[What to produce]
Below is a block of entries; repeat exactly the lines starting at the line that contains "Volkswagen ID. Buzz — foto 1" and ending at the line that contains "Лошадка поницикл", both included.

•••••

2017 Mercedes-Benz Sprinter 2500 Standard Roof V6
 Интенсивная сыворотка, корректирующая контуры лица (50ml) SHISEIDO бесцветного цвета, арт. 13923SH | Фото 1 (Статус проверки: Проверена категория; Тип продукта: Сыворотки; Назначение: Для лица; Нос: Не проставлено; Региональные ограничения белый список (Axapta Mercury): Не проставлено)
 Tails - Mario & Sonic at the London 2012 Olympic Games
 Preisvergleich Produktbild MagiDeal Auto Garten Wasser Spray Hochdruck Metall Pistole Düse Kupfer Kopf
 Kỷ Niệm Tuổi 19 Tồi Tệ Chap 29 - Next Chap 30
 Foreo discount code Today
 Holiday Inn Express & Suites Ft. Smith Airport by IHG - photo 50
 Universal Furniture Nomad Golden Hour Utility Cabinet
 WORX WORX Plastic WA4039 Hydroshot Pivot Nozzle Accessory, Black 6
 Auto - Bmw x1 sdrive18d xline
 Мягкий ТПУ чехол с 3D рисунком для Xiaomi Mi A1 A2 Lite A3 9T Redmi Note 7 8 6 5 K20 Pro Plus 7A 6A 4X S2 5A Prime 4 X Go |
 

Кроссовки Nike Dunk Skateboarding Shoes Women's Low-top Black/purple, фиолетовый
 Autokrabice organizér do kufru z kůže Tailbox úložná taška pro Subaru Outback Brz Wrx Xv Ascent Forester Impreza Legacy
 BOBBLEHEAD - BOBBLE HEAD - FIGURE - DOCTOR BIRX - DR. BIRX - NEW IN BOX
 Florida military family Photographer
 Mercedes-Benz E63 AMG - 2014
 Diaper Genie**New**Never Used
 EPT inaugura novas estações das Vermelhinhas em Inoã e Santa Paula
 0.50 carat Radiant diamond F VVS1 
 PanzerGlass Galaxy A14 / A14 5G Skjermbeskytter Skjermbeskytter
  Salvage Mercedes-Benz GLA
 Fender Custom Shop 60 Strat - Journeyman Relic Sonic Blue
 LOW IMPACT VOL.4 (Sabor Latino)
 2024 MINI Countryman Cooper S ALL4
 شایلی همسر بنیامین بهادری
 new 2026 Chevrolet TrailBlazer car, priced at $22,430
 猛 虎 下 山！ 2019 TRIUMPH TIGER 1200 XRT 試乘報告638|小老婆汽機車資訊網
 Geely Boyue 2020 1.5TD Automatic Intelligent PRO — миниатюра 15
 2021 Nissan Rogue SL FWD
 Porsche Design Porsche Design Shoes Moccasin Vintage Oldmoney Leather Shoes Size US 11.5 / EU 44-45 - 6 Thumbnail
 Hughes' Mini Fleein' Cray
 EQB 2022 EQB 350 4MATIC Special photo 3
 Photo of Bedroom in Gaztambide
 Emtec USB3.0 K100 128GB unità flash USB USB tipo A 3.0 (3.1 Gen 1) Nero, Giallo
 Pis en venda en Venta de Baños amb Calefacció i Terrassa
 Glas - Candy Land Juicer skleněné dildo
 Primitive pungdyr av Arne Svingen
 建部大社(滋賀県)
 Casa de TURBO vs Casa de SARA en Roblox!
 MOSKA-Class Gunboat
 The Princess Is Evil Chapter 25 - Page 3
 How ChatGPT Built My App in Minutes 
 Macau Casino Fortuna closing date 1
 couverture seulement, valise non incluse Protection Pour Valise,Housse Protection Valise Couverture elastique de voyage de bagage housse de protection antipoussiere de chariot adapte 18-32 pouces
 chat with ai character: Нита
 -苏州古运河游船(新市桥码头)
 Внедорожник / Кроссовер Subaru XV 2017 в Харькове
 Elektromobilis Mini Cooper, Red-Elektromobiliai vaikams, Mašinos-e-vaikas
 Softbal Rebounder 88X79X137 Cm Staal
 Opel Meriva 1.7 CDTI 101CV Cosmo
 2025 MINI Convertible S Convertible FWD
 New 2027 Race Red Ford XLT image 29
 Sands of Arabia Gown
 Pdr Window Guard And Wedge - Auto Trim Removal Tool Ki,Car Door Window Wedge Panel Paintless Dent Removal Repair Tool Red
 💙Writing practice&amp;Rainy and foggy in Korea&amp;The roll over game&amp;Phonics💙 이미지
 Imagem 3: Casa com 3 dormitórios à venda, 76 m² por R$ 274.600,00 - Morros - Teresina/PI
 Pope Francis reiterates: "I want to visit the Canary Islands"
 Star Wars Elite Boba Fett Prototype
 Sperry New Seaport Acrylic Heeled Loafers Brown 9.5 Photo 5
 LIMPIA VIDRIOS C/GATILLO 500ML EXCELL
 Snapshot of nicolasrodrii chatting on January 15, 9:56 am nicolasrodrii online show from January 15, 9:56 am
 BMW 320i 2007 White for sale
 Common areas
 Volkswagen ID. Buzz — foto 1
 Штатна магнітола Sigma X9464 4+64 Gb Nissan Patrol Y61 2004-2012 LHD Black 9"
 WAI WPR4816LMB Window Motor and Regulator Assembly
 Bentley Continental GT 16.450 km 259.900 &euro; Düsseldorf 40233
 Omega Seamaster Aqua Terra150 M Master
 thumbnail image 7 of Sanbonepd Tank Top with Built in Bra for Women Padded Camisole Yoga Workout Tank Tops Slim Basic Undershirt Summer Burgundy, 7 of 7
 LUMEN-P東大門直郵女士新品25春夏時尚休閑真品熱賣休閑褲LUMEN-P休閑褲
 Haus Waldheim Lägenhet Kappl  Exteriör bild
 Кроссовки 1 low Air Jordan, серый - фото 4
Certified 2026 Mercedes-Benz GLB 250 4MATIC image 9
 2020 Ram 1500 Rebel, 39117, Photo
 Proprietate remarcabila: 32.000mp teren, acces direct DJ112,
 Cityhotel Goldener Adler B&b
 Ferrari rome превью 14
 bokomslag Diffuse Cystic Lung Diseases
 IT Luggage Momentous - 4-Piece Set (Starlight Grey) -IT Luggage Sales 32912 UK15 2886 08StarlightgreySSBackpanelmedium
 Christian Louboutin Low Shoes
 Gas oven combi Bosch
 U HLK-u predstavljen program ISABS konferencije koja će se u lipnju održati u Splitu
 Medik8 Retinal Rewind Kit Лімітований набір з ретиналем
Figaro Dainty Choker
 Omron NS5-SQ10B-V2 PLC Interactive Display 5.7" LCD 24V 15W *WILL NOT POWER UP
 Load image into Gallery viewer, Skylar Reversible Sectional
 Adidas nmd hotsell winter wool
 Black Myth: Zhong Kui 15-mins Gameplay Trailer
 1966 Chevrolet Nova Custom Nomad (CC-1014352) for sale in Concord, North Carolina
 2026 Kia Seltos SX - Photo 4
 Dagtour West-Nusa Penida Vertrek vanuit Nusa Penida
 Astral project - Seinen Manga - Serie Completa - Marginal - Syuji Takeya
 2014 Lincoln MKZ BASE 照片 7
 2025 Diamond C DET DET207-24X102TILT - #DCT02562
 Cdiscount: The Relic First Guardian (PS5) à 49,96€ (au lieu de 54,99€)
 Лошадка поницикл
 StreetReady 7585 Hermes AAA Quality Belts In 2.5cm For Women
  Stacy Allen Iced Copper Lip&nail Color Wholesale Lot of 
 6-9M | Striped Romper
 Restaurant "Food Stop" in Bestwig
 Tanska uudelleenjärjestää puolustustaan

•••••

[Output for this task]
 Volkswagen ID. Buzz — foto 1
 Штатна магнітола Sigma X9464 4+64 Gb Nissan Patrol Y61 2004-2012 LHD Black 9"
 WAI WPR4816LMB Window Motor and Regulator Assembly
 Bentley Continental GT 16.450 km 259.900 &euro; Düsseldorf 40233
 Omega Seamaster Aqua Terra150 M Master
 thumbnail image 7 of Sanbonepd Tank Top with Built in Bra for Women Padded Camisole Yoga Workout Tank Tops Slim Basic Undershirt Summer Burgundy, 7 of 7
 LUMEN-P東大門直郵女士新品25春夏時尚休閑真品熱賣休閑褲LUMEN-P休閑褲
 Haus Waldheim Lägenhet Kappl  Exteriör bild
 Кроссовки 1 low Air Jordan, серый - фото 4
Certified 2026 Mercedes-Benz GLB 250 4MATIC image 9
 2020 Ram 1500 Rebel, 39117, Photo
 Proprietate remarcabila: 32.000mp teren, acces direct DJ112,
 Cityhotel Goldener Adler B&b
 Ferrari rome превью 14
 bokomslag Diffuse Cystic Lung Diseases
 IT Luggage Momentous - 4-Piece Set (Starlight Grey) -IT Luggage Sales 32912 UK15 2886 08StarlightgreySSBackpanelmedium
 Christian Louboutin Low Shoes
 Gas oven combi Bosch
 U HLK-u predstavljen program ISABS konferencije koja će se u lipnju održati u Splitu
 Medik8 Retinal Rewind Kit Лімітований набір з ретиналем
Figaro Dainty Choker
 Omron NS5-SQ10B-V2 PLC Interactive Display 5.7" LCD 24V 15W *WILL NOT POWER UP
 Load image into Gallery viewer, Skylar Reversible Sectional
 Adidas nmd hotsell winter wool
 Black Myth: Zhong Kui 15-mins Gameplay Trailer
 1966 Chevrolet Nova Custom Nomad (CC-1014352) for sale in Concord, North Carolina
 2026 Kia Seltos SX - Photo 4
 Dagtour West-Nusa Penida Vertrek vanuit Nusa Penida
 Astral project - Seinen Manga - Serie Completa - Marginal - Syuji Takeya
 2014 Lincoln MKZ BASE 照片 7
 2025 Diamond C DET DET207-24X102TILT - #DCT02562
 Cdiscount: The Relic First Guardian (PS5) à 49,96€ (au lieu de 54,99€)
 Лошадка поницикл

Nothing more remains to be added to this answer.